The third time we spoke, a few months later, there was evil in his eyes and anger in his voice.

The next to last time we met he wept for himself and those he had killed.

The last time I saw him he stared from lifeless eyes as the body bag enveloped him.

From first to last, one of God's own children, known for a lifetime while serving in Vietnam, 1966-67.


Can I forget the screaming jets and low-flying choppers?

The smell of rotting jungle and stagnant water.

The sight of napalm exploding through and devastating a once beautiful countryside.

The bondbon beer and ice with cola caps inside.

The strangling rain storms and heat that burned the skin from my bones.

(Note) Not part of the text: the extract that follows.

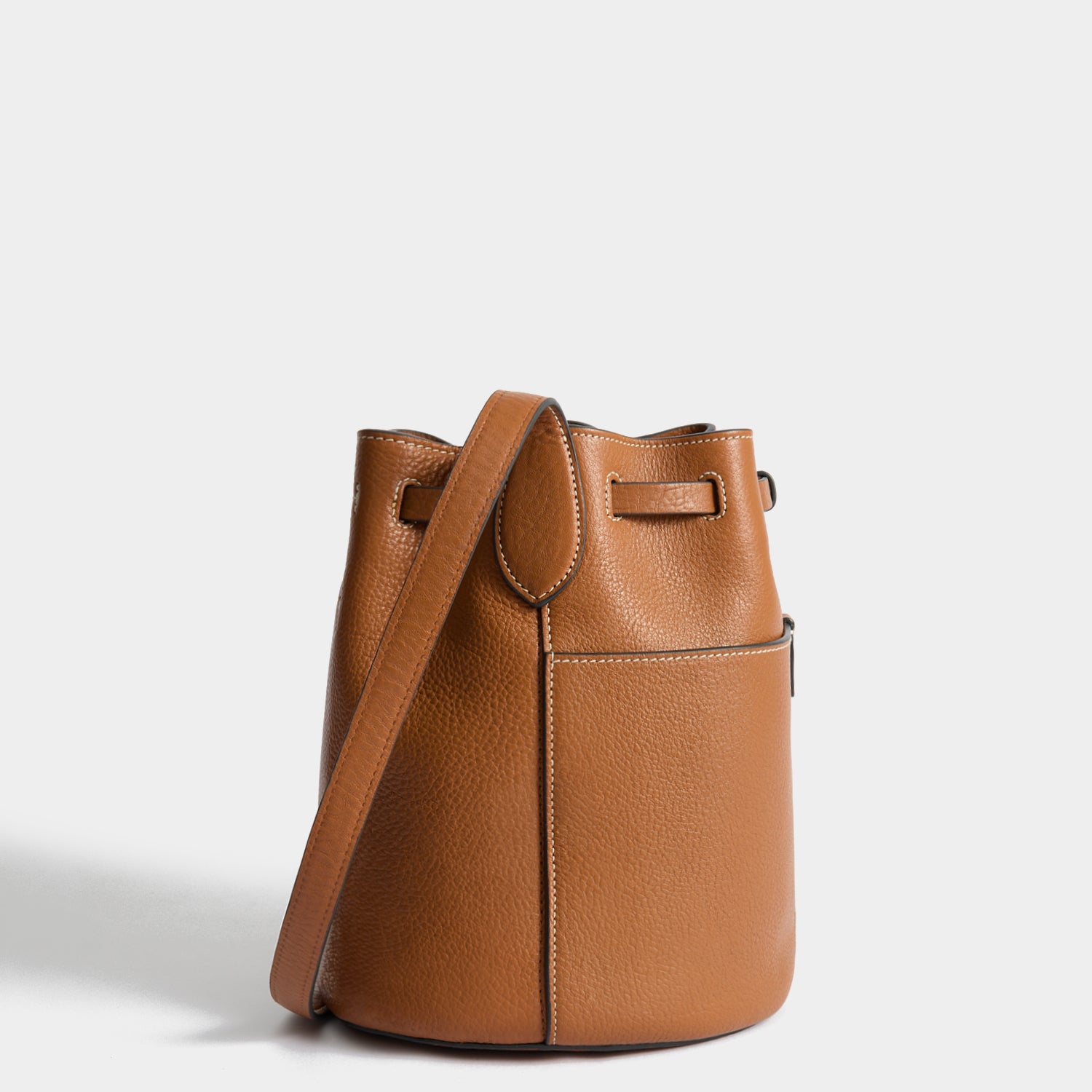 Return To Nature」スモール・バケット・バッグ | Anya Hindmarch JP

Can I forget the steady "thump" of VC mortars and starlight flares lighting up the night sky?

The reality of carrying my own bodybag in my backpack.

The bloody brown t-shirts and torn, twisted young bodies.

I might forget my own name, I will never forget Vietnam.

We were the forgotten patriots, yet only death will allow us to forget.


I went to war....

The webs of the mind trap the memories of another time with silken threads.

I saw the death....

The piercing eyes of mystery lurk there and peer out from under the heavy blackness.

I felt the fear....

There is beauty there, as well as evil and both come swaggering back when happiness slips.

I smelled the death....

I can smell with these memories, smells that remind me of things long past.

I met the devil....

All of a sudden, a dark mass emerges from those recesses and tries to un-grasp the edges that keep me sane.

I heard the horror....

Flashes and bursts explode in the darkness and try to pull me deeper into that gaping hole.

I sensed the terror....

Raw fingers of imaginary hands can barely hold the rocky edge of reality.

I returned home alive, only mentally damaged....

When I am dead, the THING will collapse and hopefully invade no other. Alas...freedom.

Copyright © 1995, By I. S. Parrish
MSG (Ret) Parrish served with the 69th Sig BN in and around Saigon 1966-67.